Mais dans tous les cas la situation de dénuement matérielle dans laquelle ils et elles se trouvent à Calais et ailleurs en Europe ne leur est pas naturelle, et ne correspond pas à la situation qu’ils et elles connaissaient dans leur pays d’origine (qui serait en quelque sorte voué à la sauvagerie ? Cette question en dit plus sur nos représentations du reste du monde que sur la réalité du monde).

C’est une situation qui est politiquement construite, à partir du refus par les autorités que ces personnes aient un endroit légitime pour se poser ici en Europe – qu’elles aient une légitimité à se poser ici en Europe.

Sans feu ni lieu, elles sont réellement là, mais les autorités ne leur reconnaissent pas la légitimité, la « vocation » à être là où elles sont, et les chassent de lieu en lieu – ce sont les expulsions de squats et de campements qui entretiennent la précarité matérielle et le sentiment d’insécurité – et les chassent parfois du territoire – individuellement ou par charter selon les pays, proches ou lointains, en respectant ou en violant le droit international, mais qui entretiennent le sentiment de n’avoir pas le droit d’être ici.

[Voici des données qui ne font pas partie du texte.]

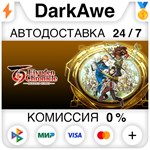 Eiyuden Chronicle: Hundred Heroes +ВЫБОР STEAM**
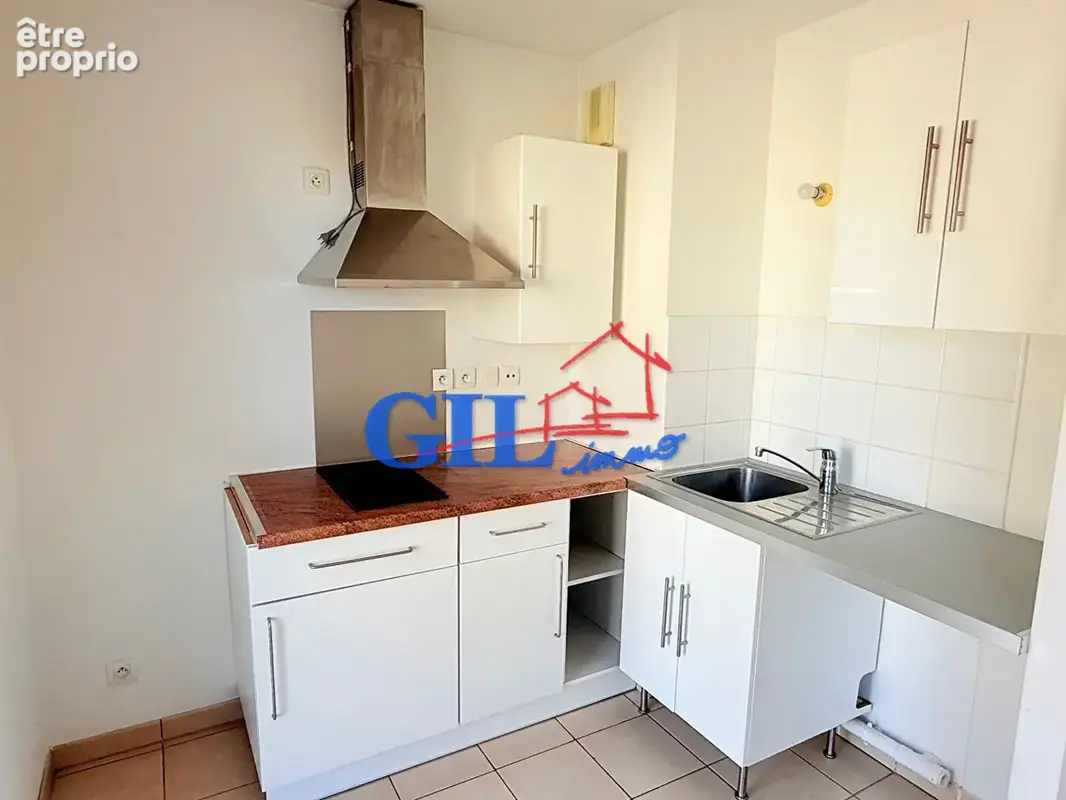 Cesson-bourg - appartement 2 pieces de 48 m² - photo 5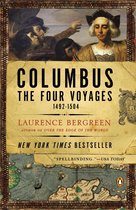 Columbus The Four Voyages 1492-1504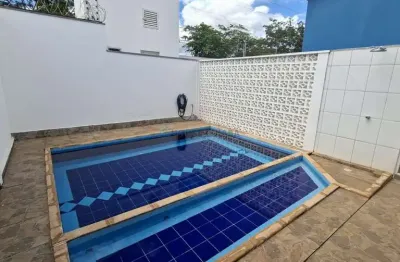 Vendo!!! um sobrado no condomínio parque do coxipó na cidade de cuiabá mt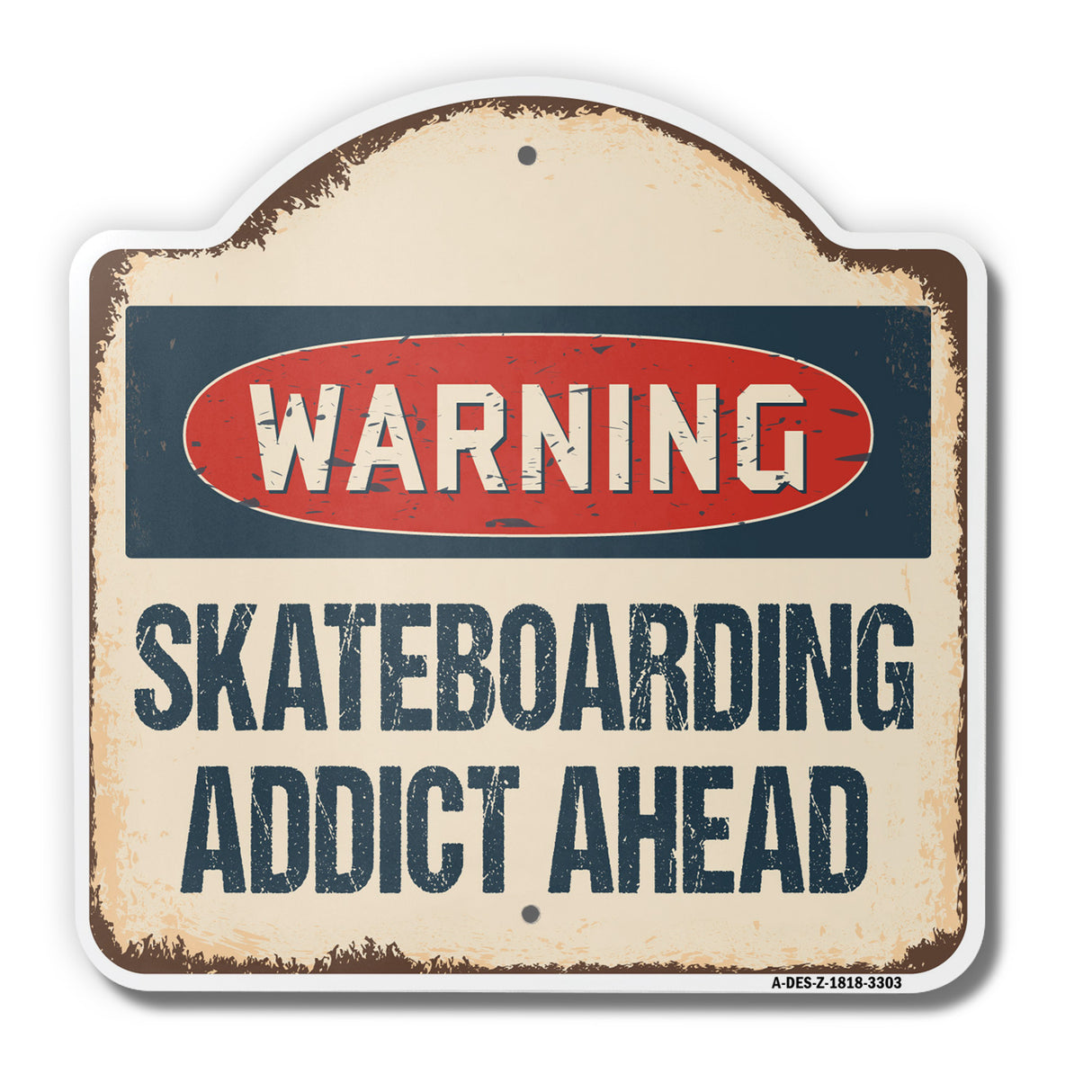 Skateboarding Addict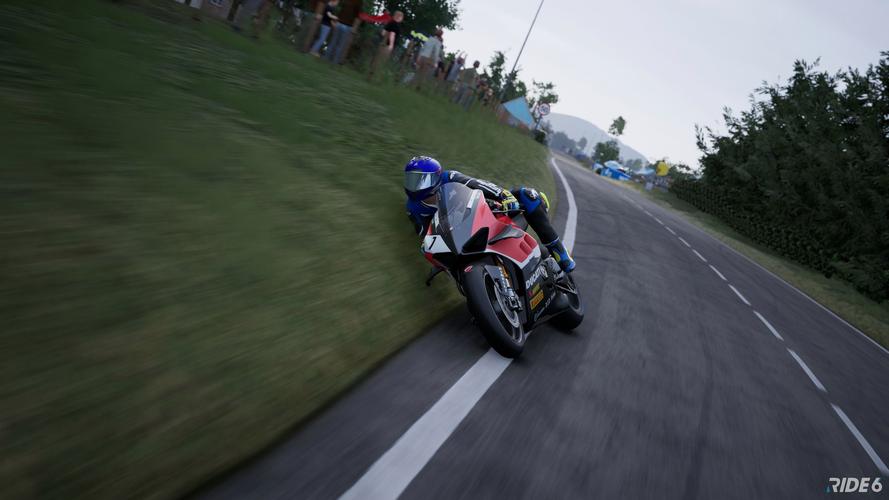 RIDE6全车辆性能解析与5条必学赛道进阶技巧-1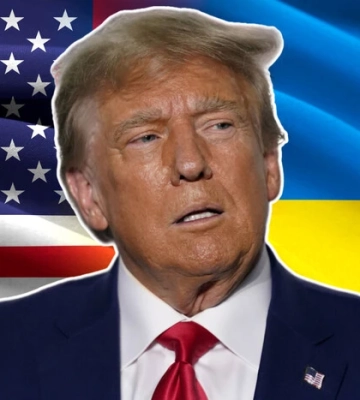 Способен ли Трамп понять Украину?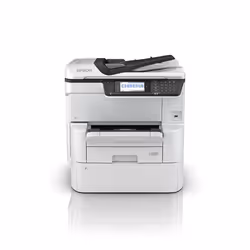 Epson WorkForce Pro WF‑C878RDWF Jet d'encre A3 4800 x 1200 DPI Wifi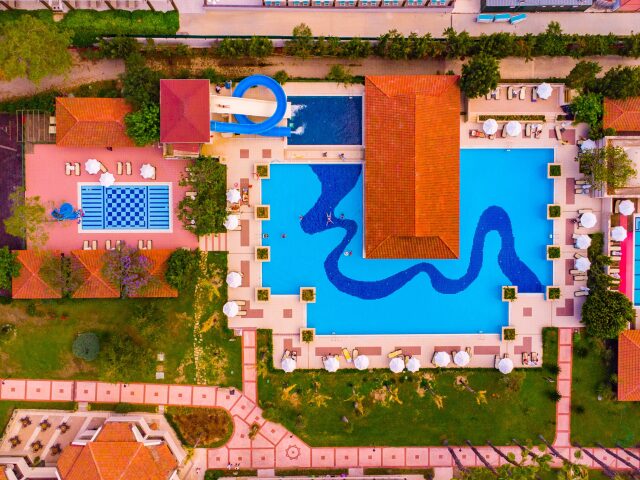 Champion Holiday Village photo 0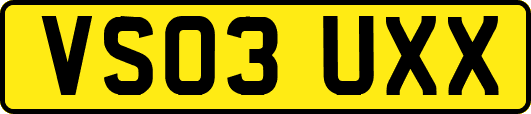 VS03UXX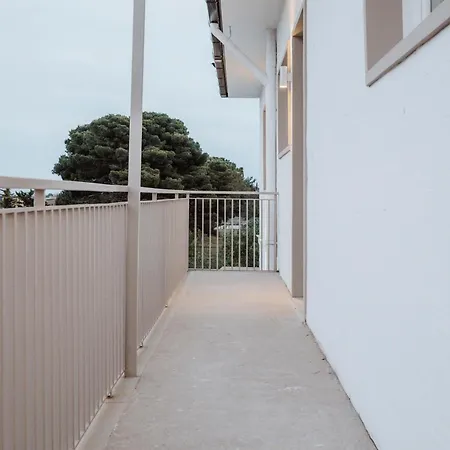 Nidi Hotel apartamentowy Foggia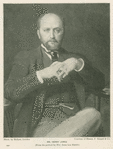 Henry James [Novelist]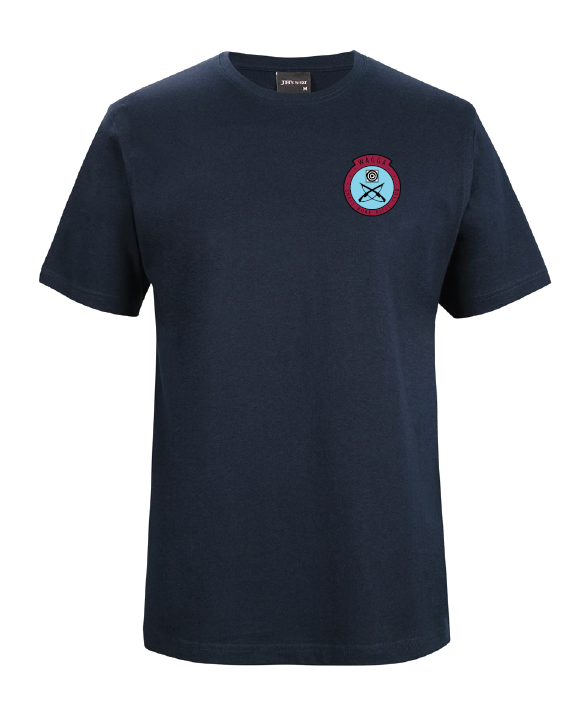 W.S.B.R.C Tee Shirt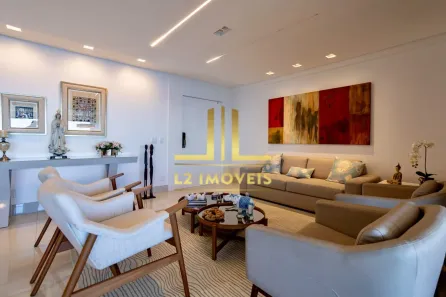 Apartamento com 4 Quartos à venda, 338m² no Barra, Salvador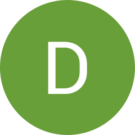 Dawn K Avatar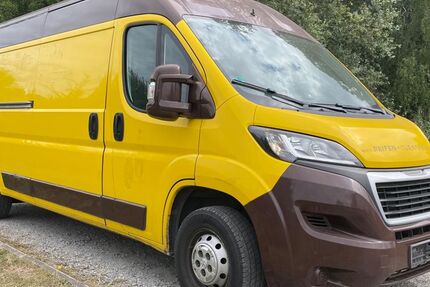Peugeot Boxer 212.000 km 8.490 € Bremen 28197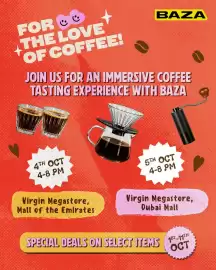 Virgin Megastore catalogue Page 1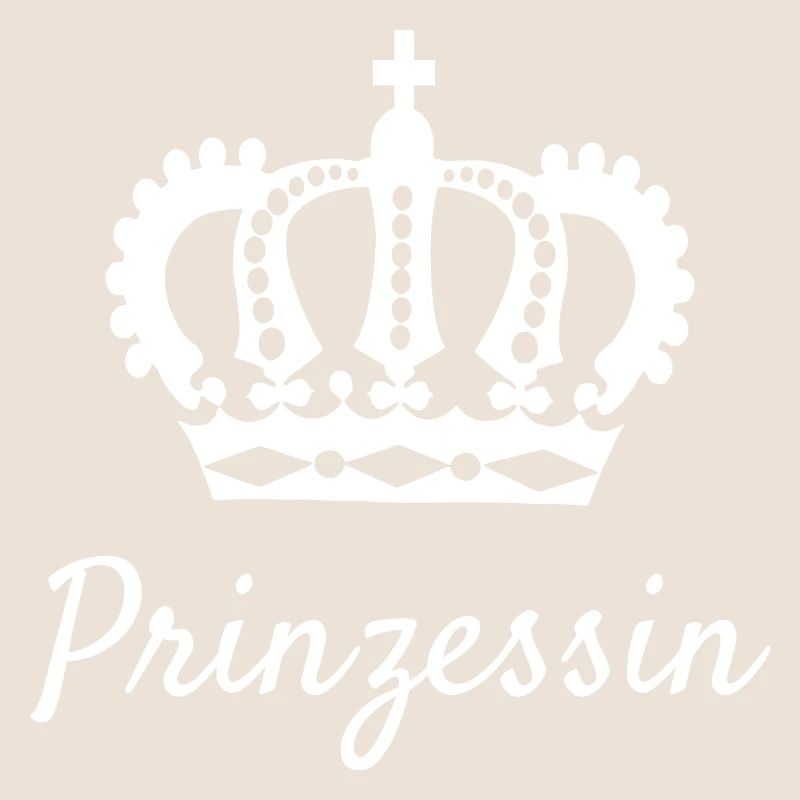 Couronne princesse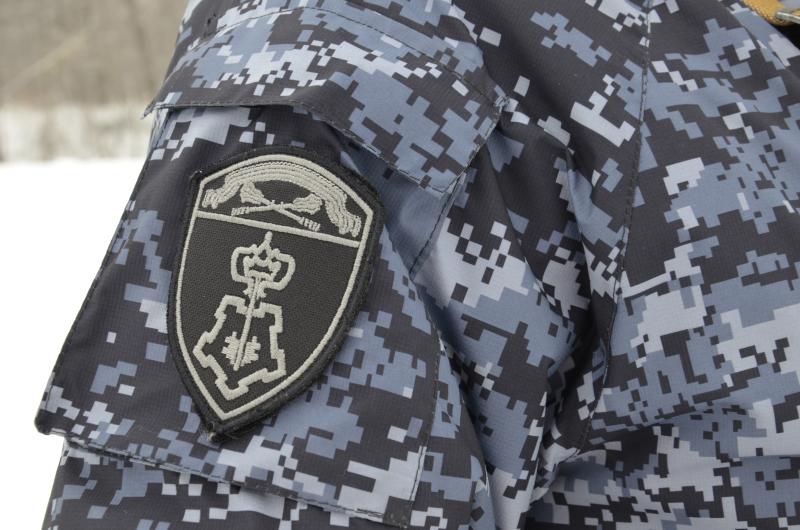 Сотрудники Росгвардии около 90 раз выезжали по сигналу «тревога» за неделю в Тамбовской области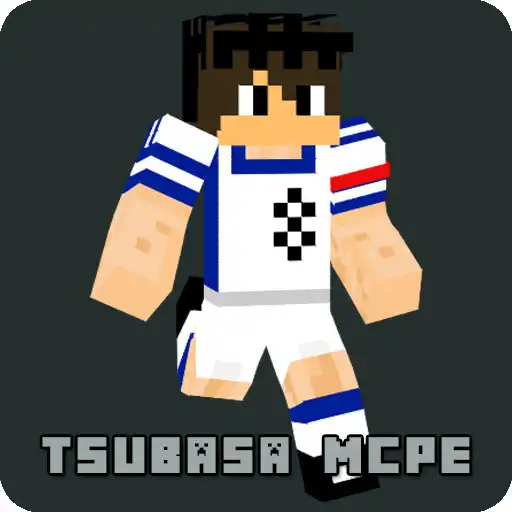 Play Tsubasa Skin Map Mods for Mcpe APK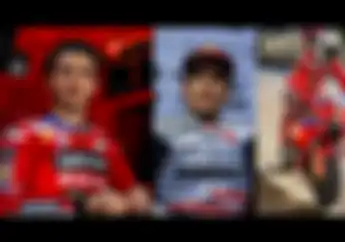Kaget Lihat 10 Besar Tes Pramusim MotoGP 2024 Lusail, Banyak Fakta Seru Terungkap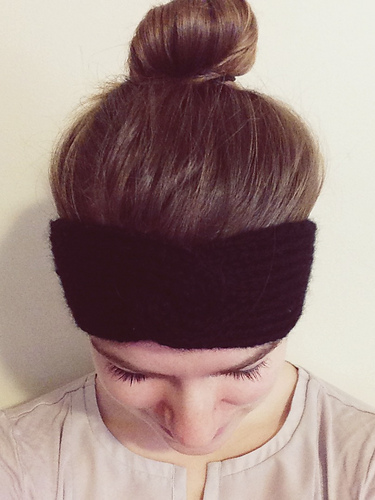 Wynter Headband photo 2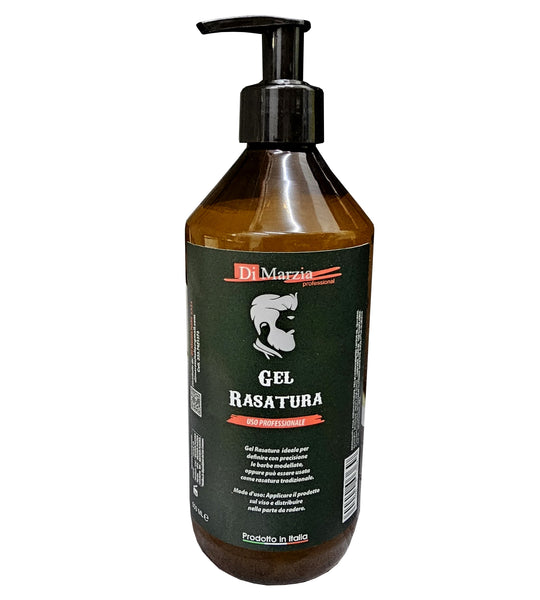 GEL RASATURA DI MARZIA 500ml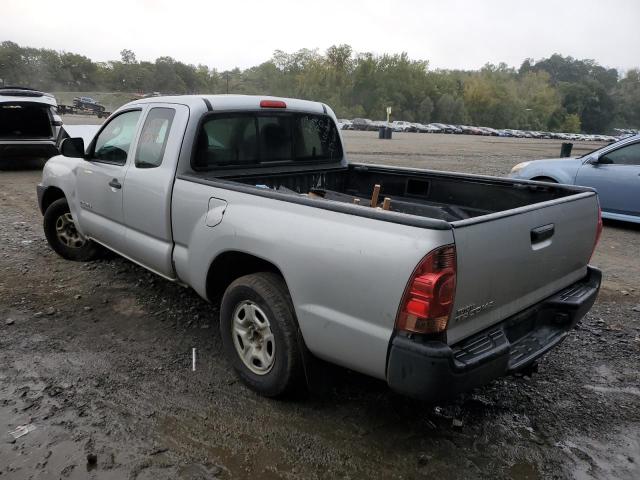 Photo 1 VIN: 5TFTX4CN2CX018731 - TOYOTA TACOMA 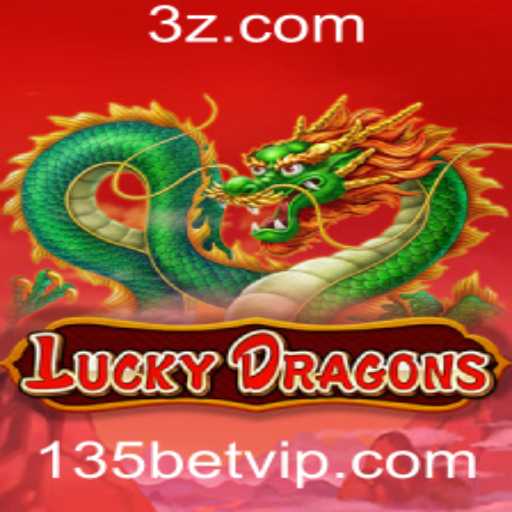 Explorando LuckyDragons: O Jogo de Apostas Que Está Dominando o Cenário Global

Le dénuement matériel dans lequel se trouvent les exilé-e-s à Calais n’est pas dû à un tremblement de terre, aux intempéries, à une guerre classique, mais à une volonté constante des autorités de les maintenir dans cette situation. En faisant appel à tout un imaginaire, totalement déshumanisant, fait d’appel d’air et de gestion des flux, pour vendre les choses.

Alors effectivement, comme ce qui vient au premier plan concernant le nouveau bidonville d’État, il est mieux d’avoir des WC et un accès à l’eau, et des cabanes dans lesquelles on peut se tenir debout. Mais il s’agit aussi d’un puits sans fond pour des associations reposant essentiellement sur des dons et du bénévolat, et dont l’effort est sans cesse détruit par les pouvoirs publics, à coup d’expulsions et de destructions.

Ce qu’il faut construire c’est une politique d’hospitalité, qui permette aux exilé-e-s de trouver une place dans le territoire, qu’ils et elles ne fassent que passer ou qu’ils et elles veuillent rester. Et à défaut des autorités dont on peut se demander aujourd’hui si elles sont récupérables, cette hospitalité doit se tisser avec la partie de la population qui y est prête, qu’elle soit minoritaire ou majoritaire.

Les autorités ne s’y trompent pas, qui augmentent la pression sur les personnes solidaires.

Ne nous y trompons pas, pour affirmer cette solidarité il faut à la fois mettre en place autre chose, à partir de ce qu’on peut faire et de ce que nous sommes, et gueuler et proposer, gueuler parce que ce qui se passe est intolérable, et proposer pour que les politiques changent.

Et lutter, avec tous les instruments qui sont à notre portée.